**DATASET ENTRIES**:
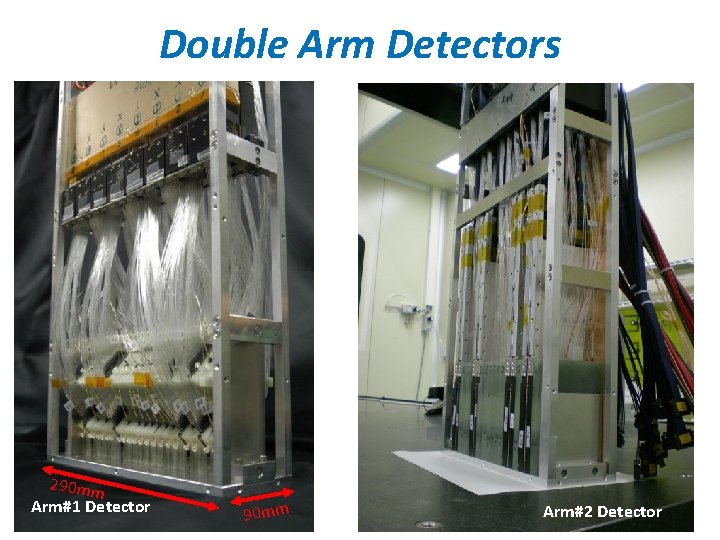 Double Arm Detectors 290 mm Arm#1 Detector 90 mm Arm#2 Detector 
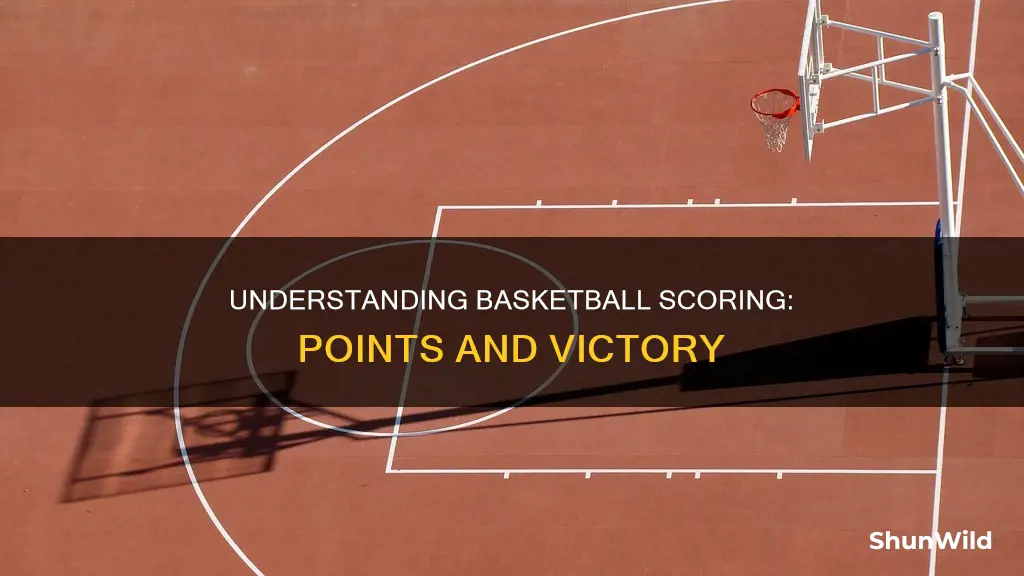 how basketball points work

--

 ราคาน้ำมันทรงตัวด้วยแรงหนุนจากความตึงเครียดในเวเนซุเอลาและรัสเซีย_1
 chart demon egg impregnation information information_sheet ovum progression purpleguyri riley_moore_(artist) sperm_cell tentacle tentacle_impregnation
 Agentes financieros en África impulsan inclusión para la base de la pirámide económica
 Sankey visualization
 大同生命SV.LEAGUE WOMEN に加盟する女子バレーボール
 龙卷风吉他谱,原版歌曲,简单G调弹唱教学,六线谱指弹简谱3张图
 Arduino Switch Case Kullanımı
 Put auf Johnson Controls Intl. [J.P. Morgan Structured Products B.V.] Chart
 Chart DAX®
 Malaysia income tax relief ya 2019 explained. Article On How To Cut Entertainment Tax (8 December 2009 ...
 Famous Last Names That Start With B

* * *

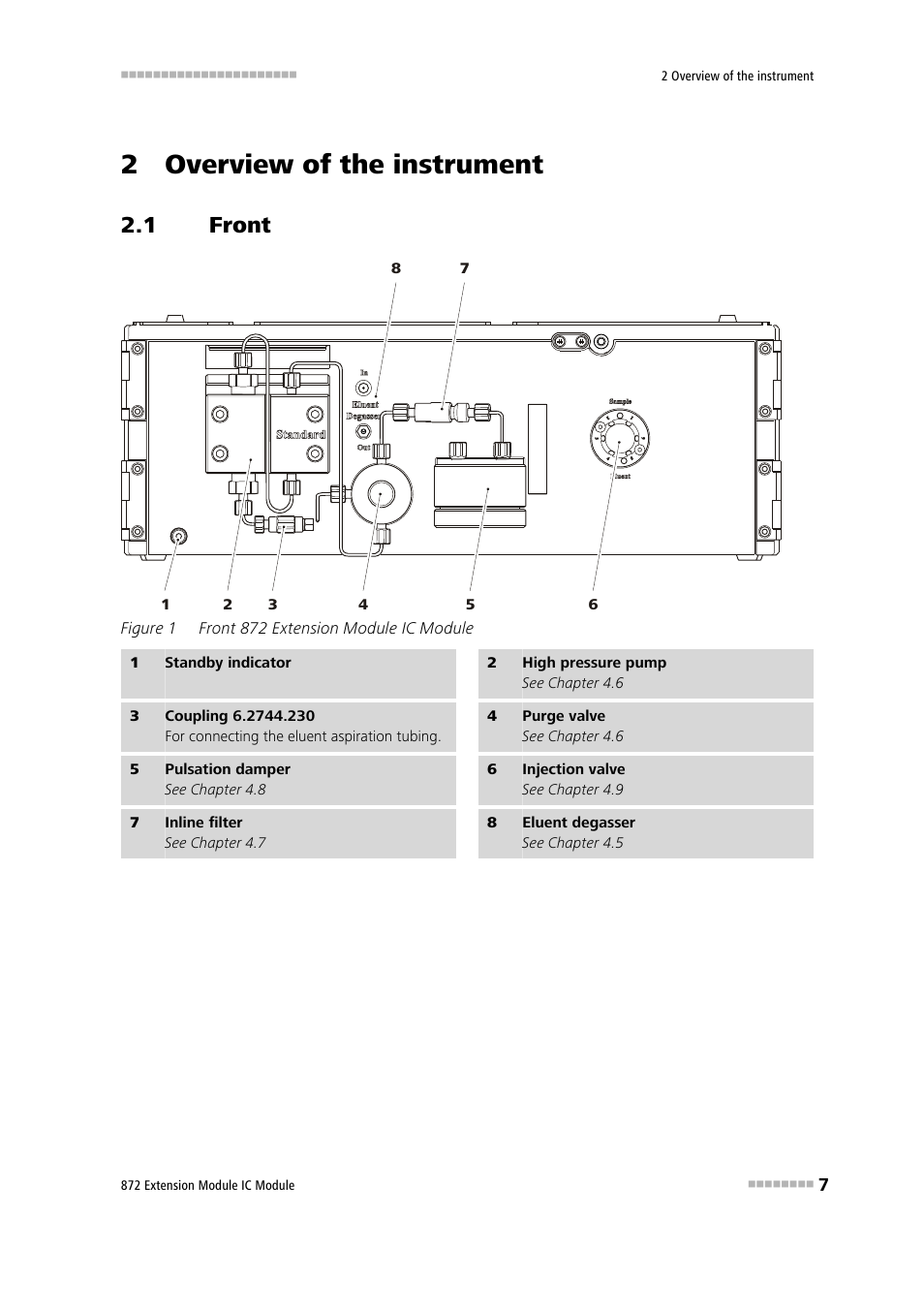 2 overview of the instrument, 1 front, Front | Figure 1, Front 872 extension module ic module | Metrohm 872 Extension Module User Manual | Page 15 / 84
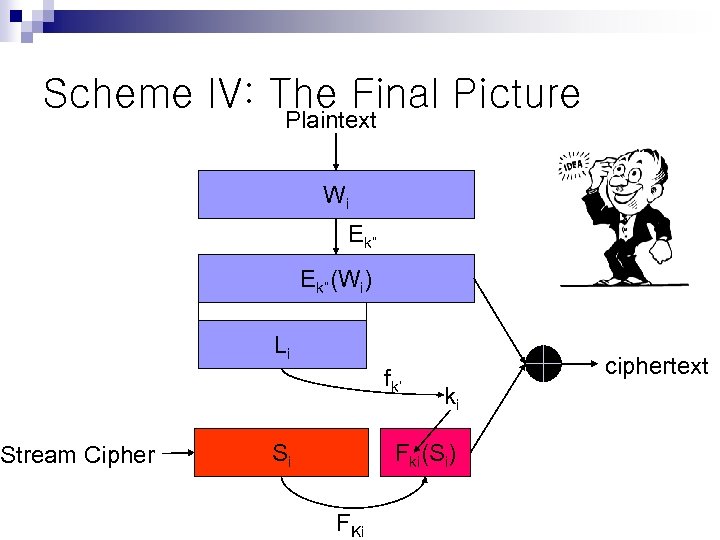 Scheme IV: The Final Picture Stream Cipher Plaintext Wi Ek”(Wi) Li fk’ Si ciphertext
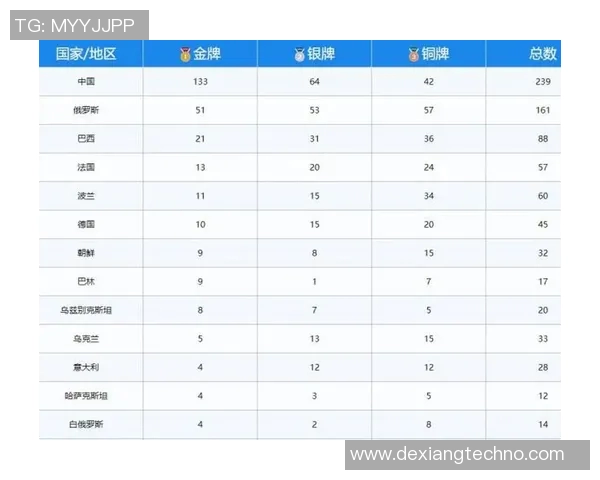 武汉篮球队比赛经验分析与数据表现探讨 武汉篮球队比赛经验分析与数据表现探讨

**TASK ITEM**:
Find the line with "Put auf Johnson" in the entries above. Retype it and each line after it, exactly, through the line with "Famous Last Names That Start With B", and stop there.

**ANSWER TO THIS PROBLEM**:
 Put auf Johnson Controls Intl. [J.P. Morgan Structured Products B.V.] Chart
 Chart DAX®
 Malaysia income tax relief ya 2019 explained. Article On How To Cut Entertainment Tax (8 December 2009 ...
 Famous Last Names That Start With B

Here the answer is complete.